Well, it’s still winter here in Western New York and even though we’ve been blessed with some mild weather over the past few weeks, we all know it won’t be long until winter has us fully in its grip. For me, winter provides a little bit more time to read and I try to use that precious time to read equine related articles and hopefully learn a few things about ways to better care for my horses. This week I was reading about all the “fun” activities equestrians do with their horses over the long winter months – trail riding, sleigh riding, skijoring… The list of activities goes on and on. I have to be honest here, I don’t do any of these things and I don’t know many people that do! While I do put extra effort into making sure my horses are happy and healthy during the winter months, you aren't going to catch me out in the woods trudging through three feet of snow on my trusty steed.
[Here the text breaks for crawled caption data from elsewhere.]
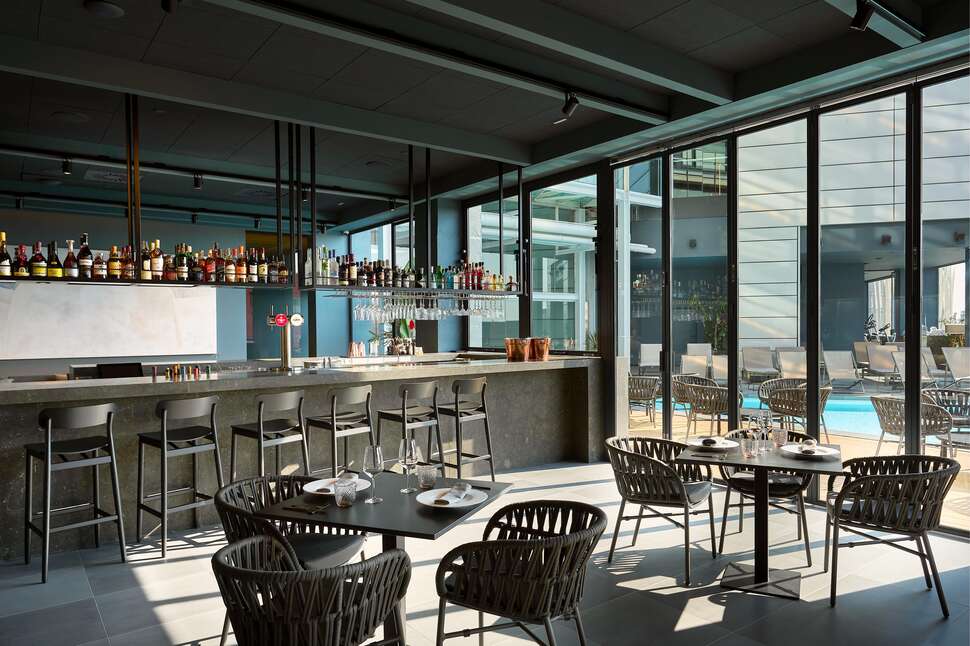 Ein Foto Hotel Barcelona Princess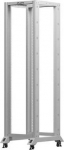 Lanberg Stojak Open rack 19 cali 42U 600x800 szary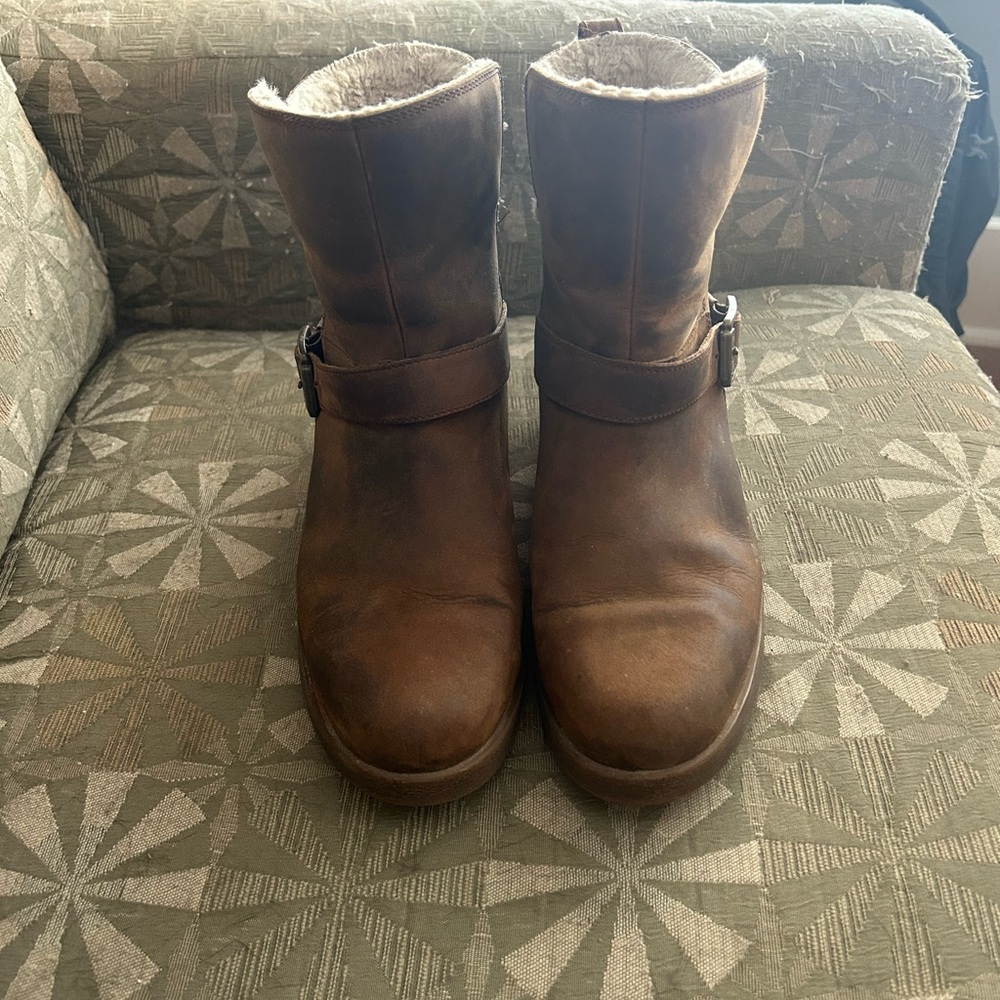 Timberland Women’s Winter Boot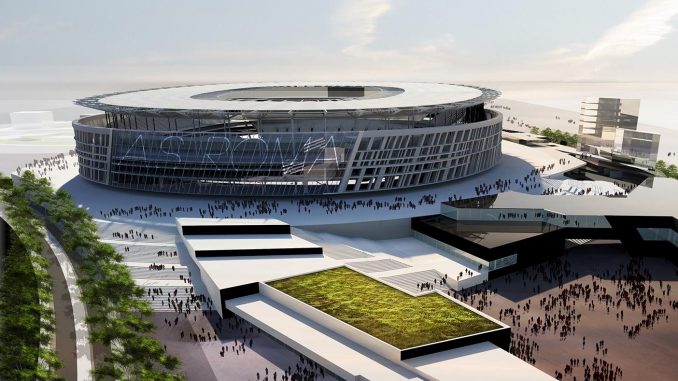 Finalmente è arrivata una risposta dal Comune di Roma riguardo lo stadio della Città. Ecco qual è e quali sono le conseguenze di questa decisione.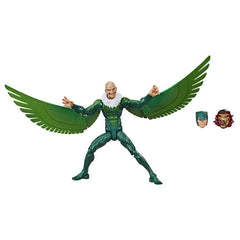 Marvel Spider-Man Legends Series Figure Marvel's Vulture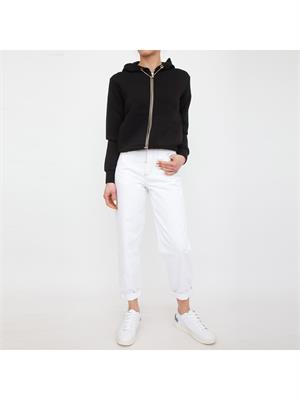 JEANS LIU JO BIANCO in DONNA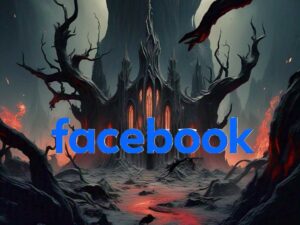Facebook 的新“OG Friends”提要感觉太他妈的低俗了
The lack of outdoor equine related activities can be directly related to the fact that we have two types of winter around here, deep mud and deep snow, and the only thing in between is deep mud underneath deep snow. Truly not ideal footing for any type of riding, driving, or even for leading them very far. I know a few lucky people that have indoor arenas and can make the most out of the winter months, but most of us don’t have that luxury and we get through winter the best we can.
This wintery weather leads my horses to believe they are on an extended vacation – and basically, they are! They all have Hay Hoarders stuffed full 24/7 in their stalls and in the run in shelter, they get groomed to remove the mud or the snow, manes and tails are constantly being untangled, tails are braided to keep ice balls from forming, manes are combed, feet are picked and we fuss over them a bit more than normal. But, we don’t ask them to do much more than stand still while they are being pampered. Part of what makes the Hay Hoarder such an awesome feeding system is that when our horses need hay in front of them all day to help keep them warm and healthy because it’s 15 degrees outside, it’s so easy to stuff in a whole bale and walk away knowing they’ll have hay to munch all day and night. But, if they start getting a little chubby from their more limited exercise options, we can put less hay in the Hay Hoarder and still feel confident that the slow feed net will make the hay last longer through the day or night.
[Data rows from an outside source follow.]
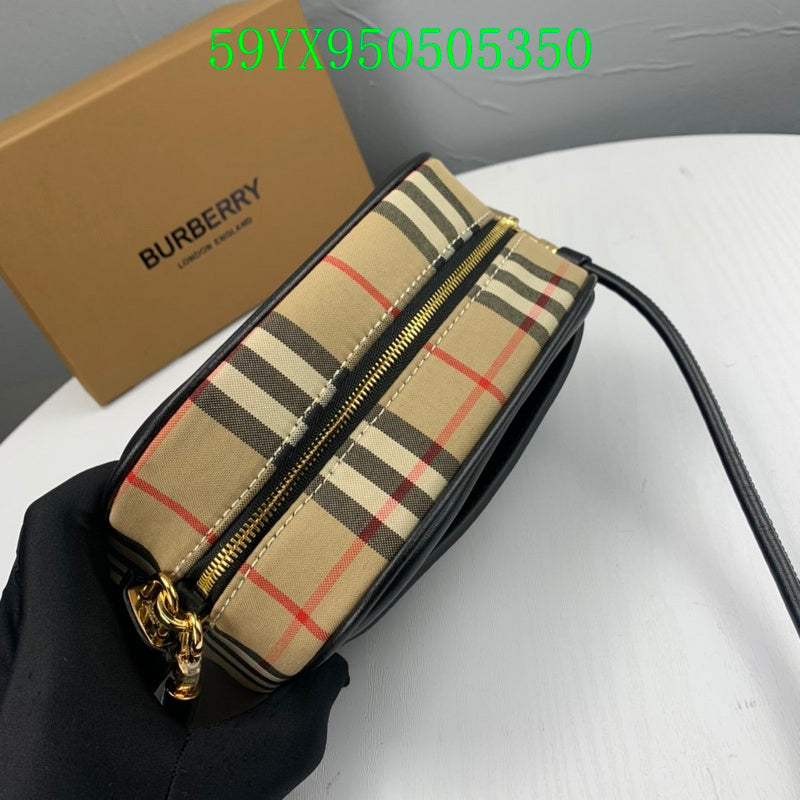 VBS Fashion -BBR Bags - 537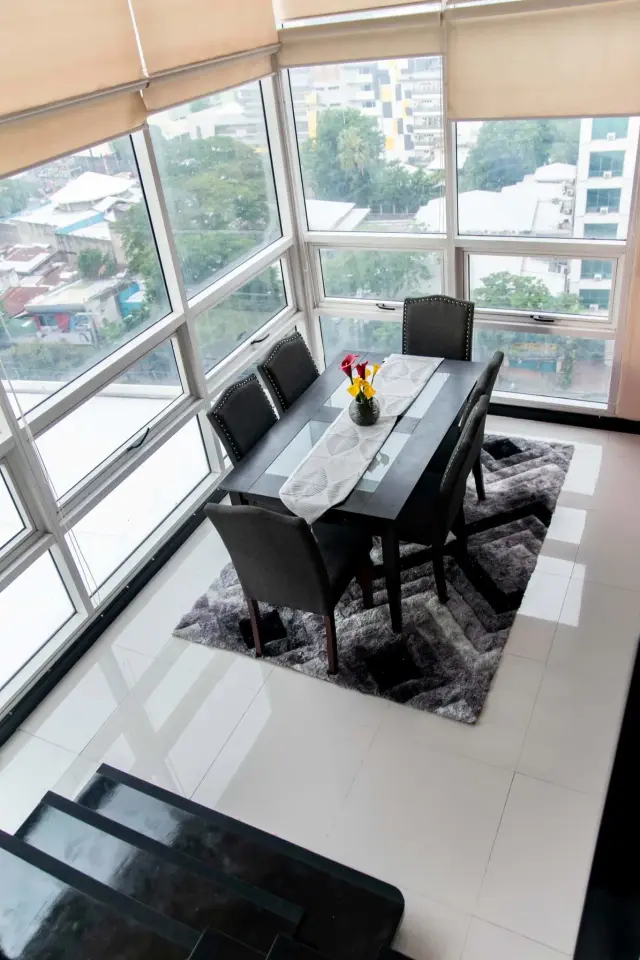 For RENT!! 1 Bedroom loft type in club ultima - Secondary Image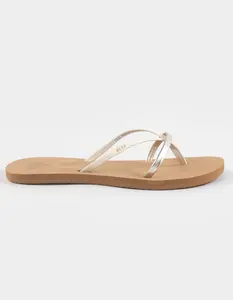 REEF Bliss Wild Womens Flip Flops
I’m guessing that some of our readers are asking themselves why we live in a place that makes it so difficult to ride throughout the year. I can only say that if you saw Western New York in the summer and fall, you’d know why. It’s beautiful here, and the riding opportunities are plentiful. We’re blessed with numerous equine friendly trail systems and the gorgeousness of our surroundings is hard to beat. I might not appreciate having to bundle up to the point of limiting my range of motion for 3 or 4 months out of the year, but I don’t think my horses are complaining, and they are all healthy and enjoying their winter break.
To our readers that live in places where the snow isn’t knee deep, the temperature is above 25 degrees, and there is still riding to be done – we’re just a little jealous of you!